I would like the lines below, from the one with "Traditional Two-Seater Sofa" through the one with "62 Ocean View", copied exactly and without any pictures.
· · · ·
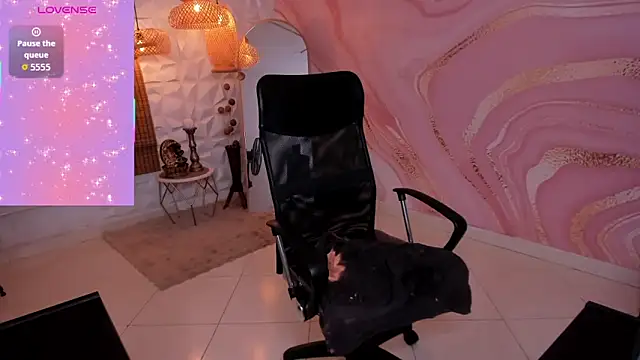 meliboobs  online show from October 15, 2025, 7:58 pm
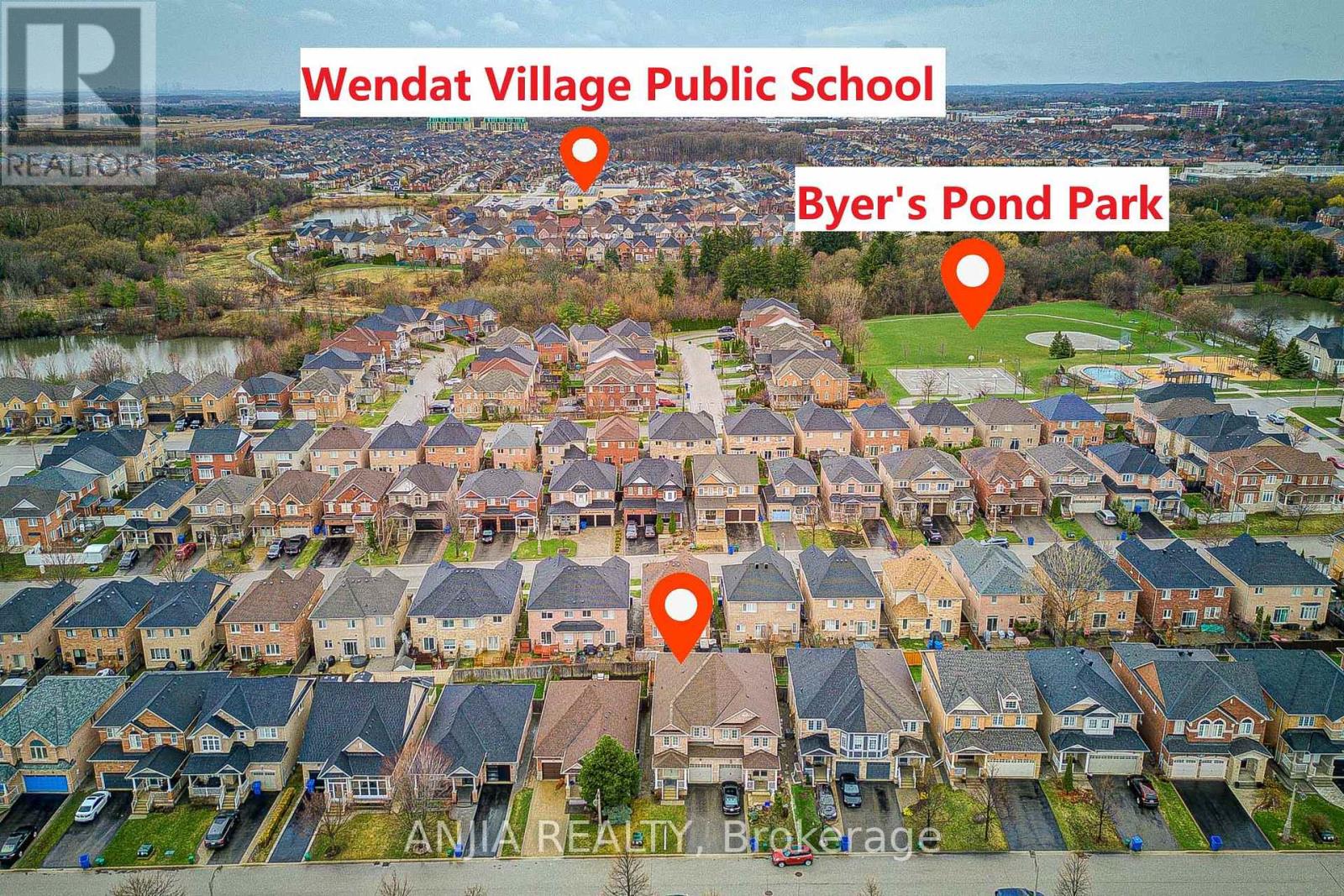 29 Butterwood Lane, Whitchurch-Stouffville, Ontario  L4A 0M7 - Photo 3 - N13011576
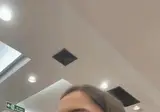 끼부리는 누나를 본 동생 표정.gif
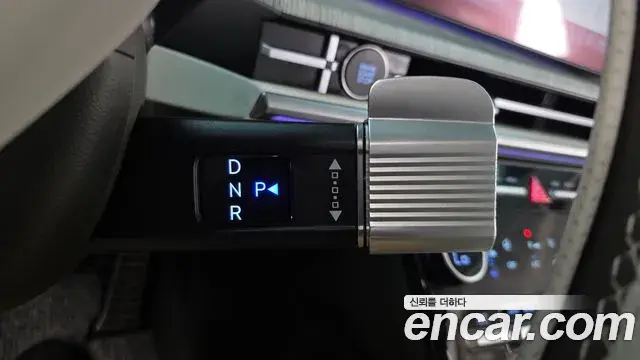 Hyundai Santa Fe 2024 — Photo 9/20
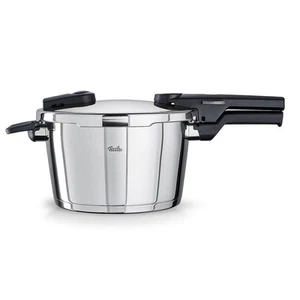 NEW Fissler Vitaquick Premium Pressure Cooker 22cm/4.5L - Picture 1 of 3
· · · ·
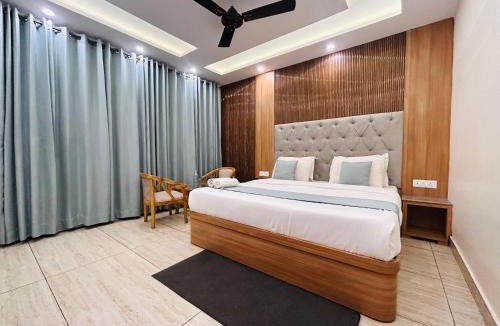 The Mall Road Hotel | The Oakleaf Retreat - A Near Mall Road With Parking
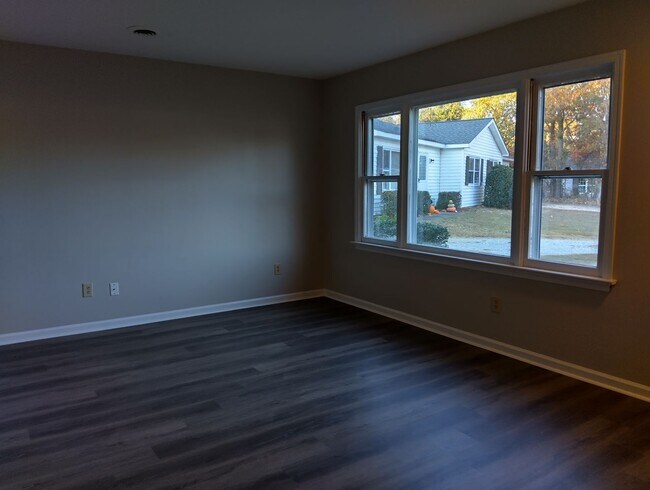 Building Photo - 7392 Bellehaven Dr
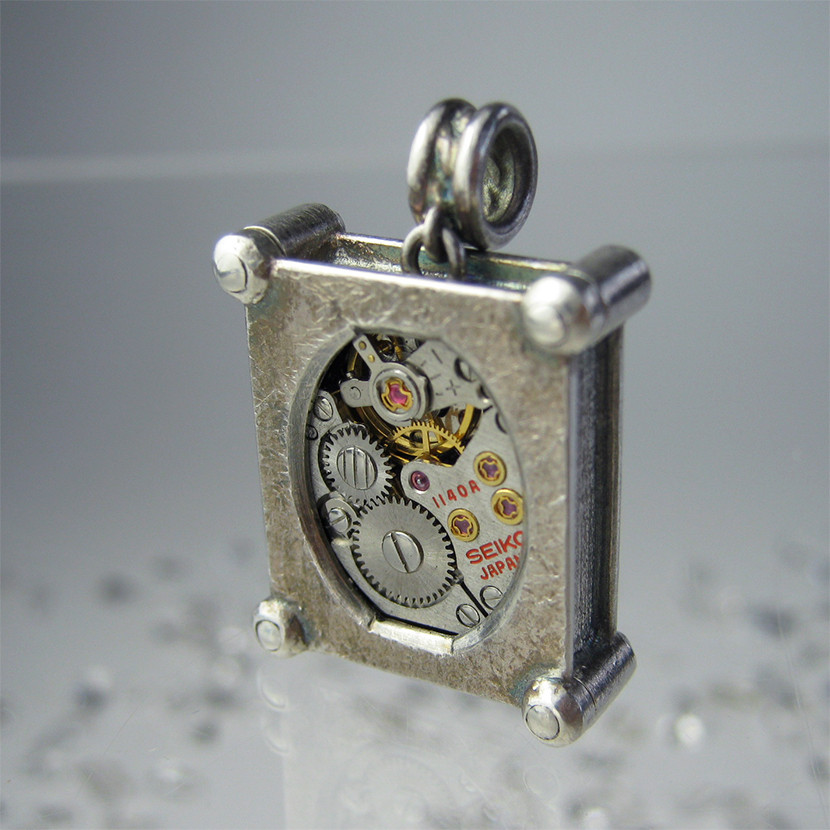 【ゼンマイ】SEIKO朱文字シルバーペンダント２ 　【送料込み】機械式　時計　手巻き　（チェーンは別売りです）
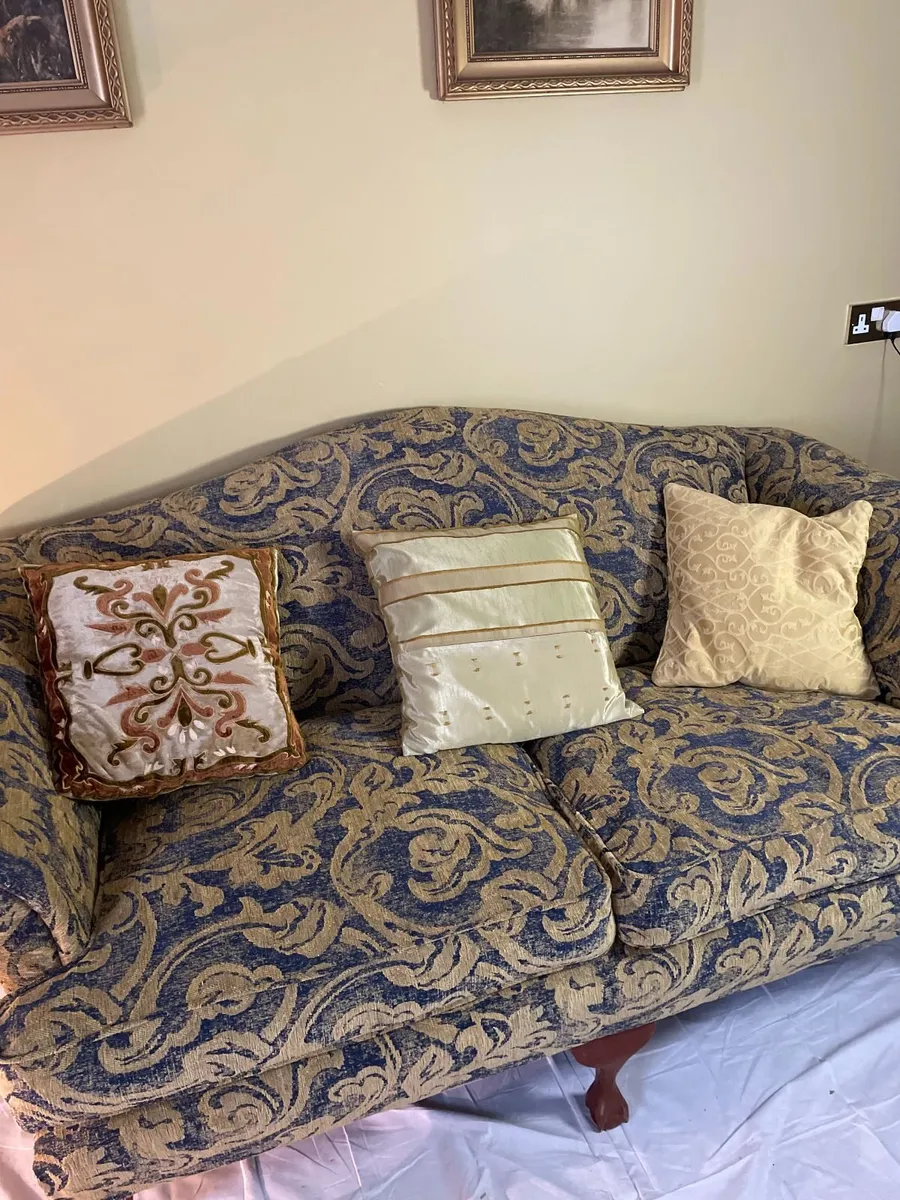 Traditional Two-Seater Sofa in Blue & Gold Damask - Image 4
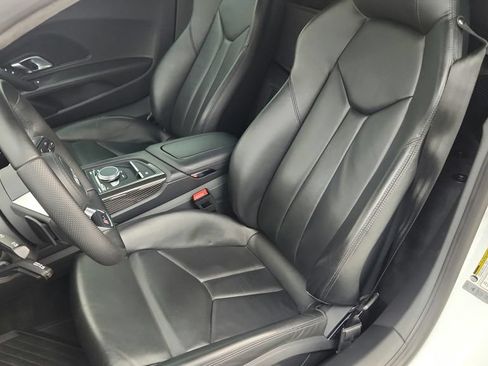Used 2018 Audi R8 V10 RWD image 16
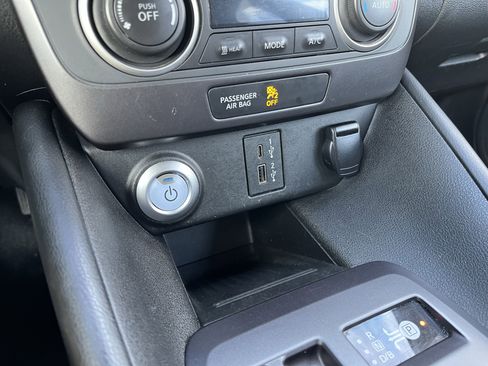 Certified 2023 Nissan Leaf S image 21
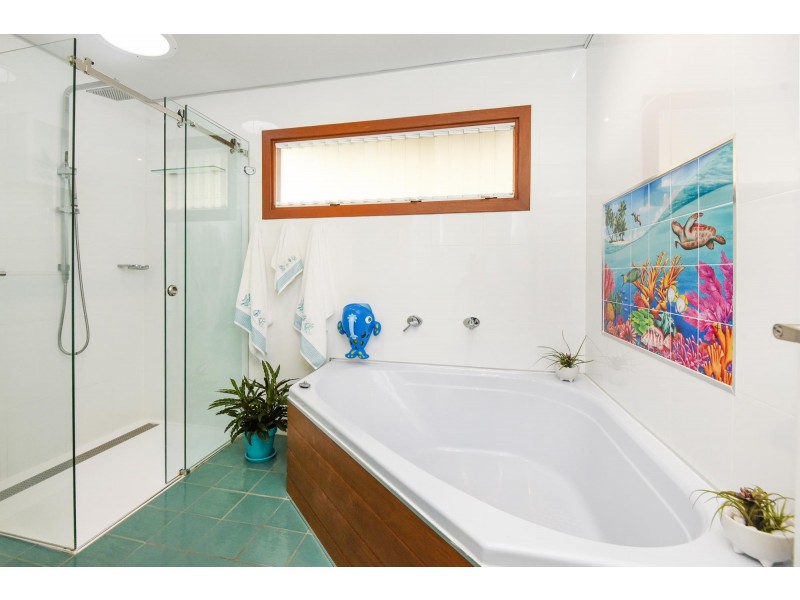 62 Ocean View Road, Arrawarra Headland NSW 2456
· · · ·
→ Result for this task
 Traditional Two-Seater Sofa in Blue & Gold Damask - Image 4
Used 2018 Audi R8 V10 RWD image 16
 Certified 2023 Nissan Leaf S image 21
 62 Ocean View Road, Arrawarra Headland NSW 2456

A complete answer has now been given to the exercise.